→ **Exercise requirements**:
Find the line in the entries below that contains "WHY DO CATS". Repeat it exactly, and every line after it through the line that contains "Isolated Green Pea.".

→ **Records for the exercise**:
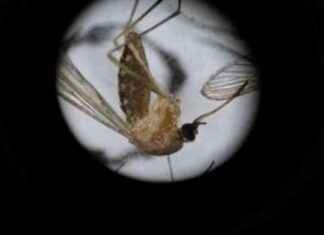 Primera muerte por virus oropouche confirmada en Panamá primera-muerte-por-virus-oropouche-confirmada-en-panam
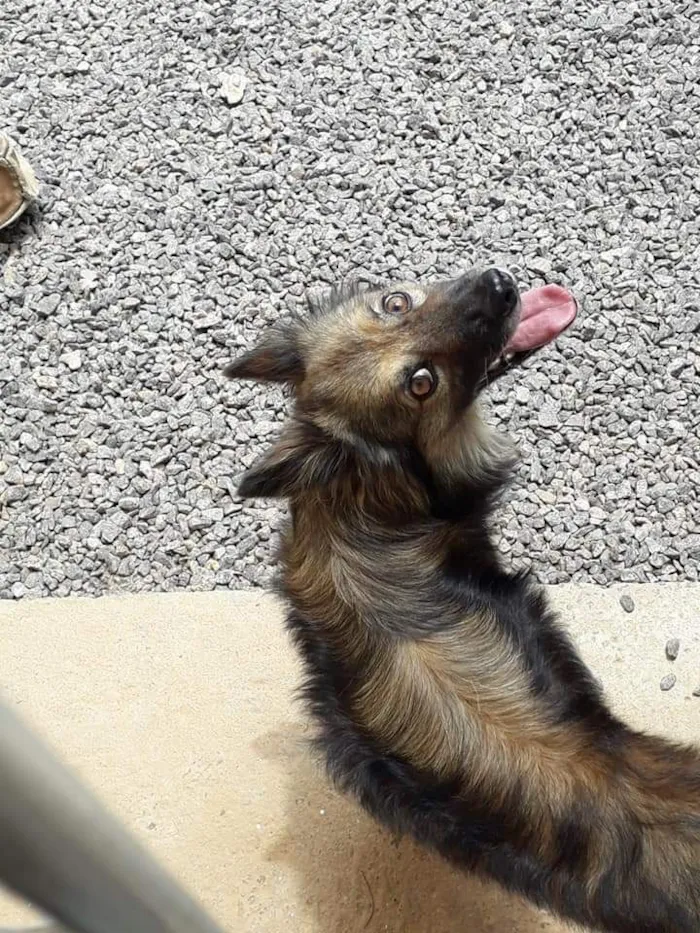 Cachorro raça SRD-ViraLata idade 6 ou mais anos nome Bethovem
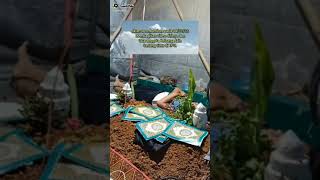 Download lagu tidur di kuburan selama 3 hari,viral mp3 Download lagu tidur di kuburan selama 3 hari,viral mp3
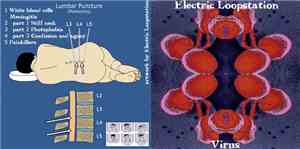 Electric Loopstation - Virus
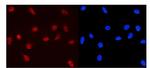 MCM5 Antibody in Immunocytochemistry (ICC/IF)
* * *
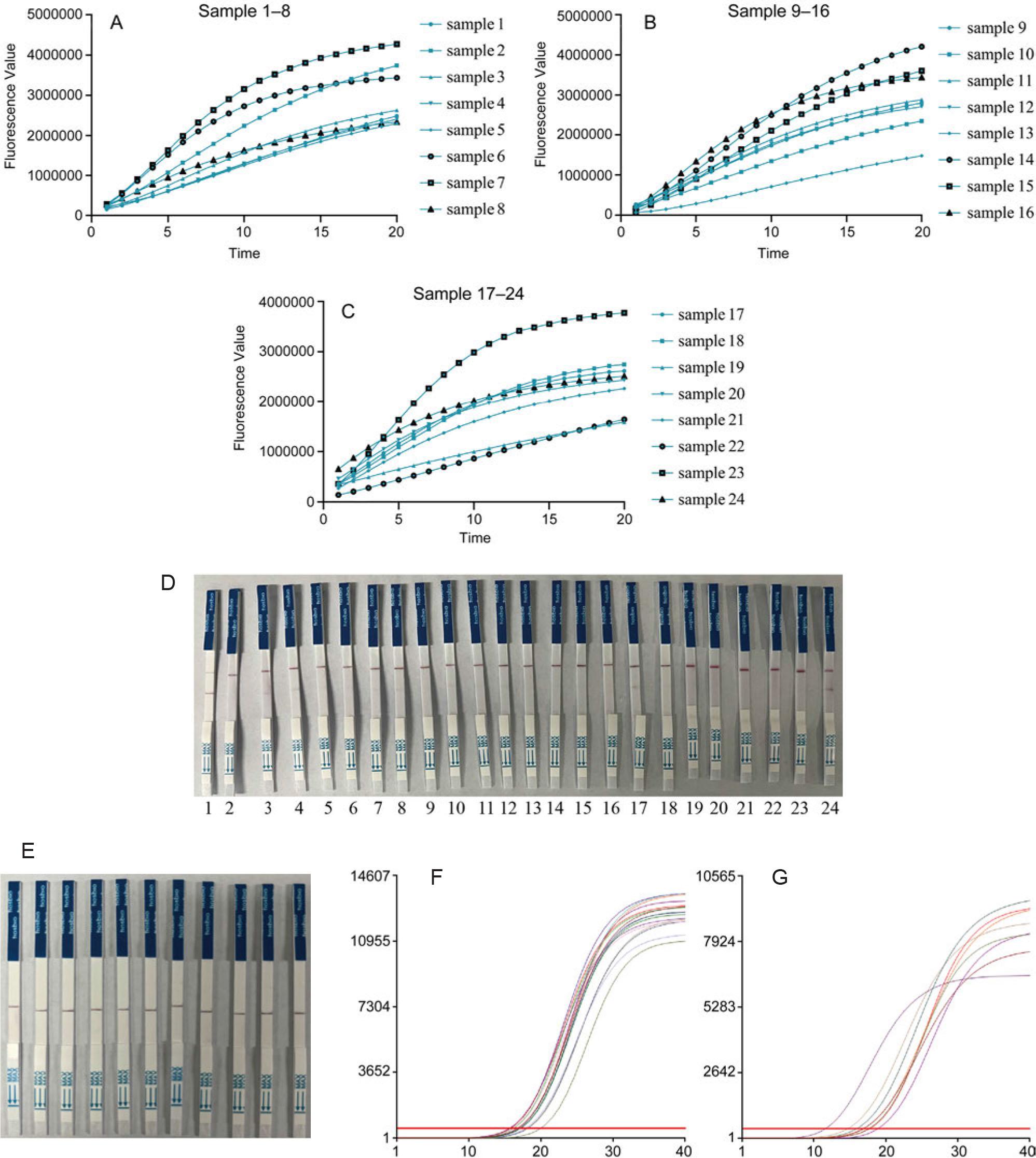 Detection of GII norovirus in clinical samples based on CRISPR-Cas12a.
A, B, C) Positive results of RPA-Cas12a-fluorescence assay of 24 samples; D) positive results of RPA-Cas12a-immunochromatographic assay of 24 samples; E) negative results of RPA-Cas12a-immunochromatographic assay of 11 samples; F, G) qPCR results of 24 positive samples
--
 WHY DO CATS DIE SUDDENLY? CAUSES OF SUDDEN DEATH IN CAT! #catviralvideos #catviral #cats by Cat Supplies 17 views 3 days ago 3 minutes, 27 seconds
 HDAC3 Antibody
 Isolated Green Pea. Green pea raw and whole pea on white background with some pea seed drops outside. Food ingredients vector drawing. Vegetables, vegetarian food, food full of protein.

→ **Task response**:
 WHY DO CATS DIE SUDDENLY? CAUSES OF SUDDEN DEATH IN CAT! #catviralvideos #catviral #cats by Cat Supplies 17 views 3 days ago 3 minutes, 27 seconds
 HDAC3 Antibody
 Isolated Green Pea. Green pea raw and whole pea on white background with some pea seed drops outside. Food ingredients vector drawing. Vegetables, vegetarian food, food full of protein.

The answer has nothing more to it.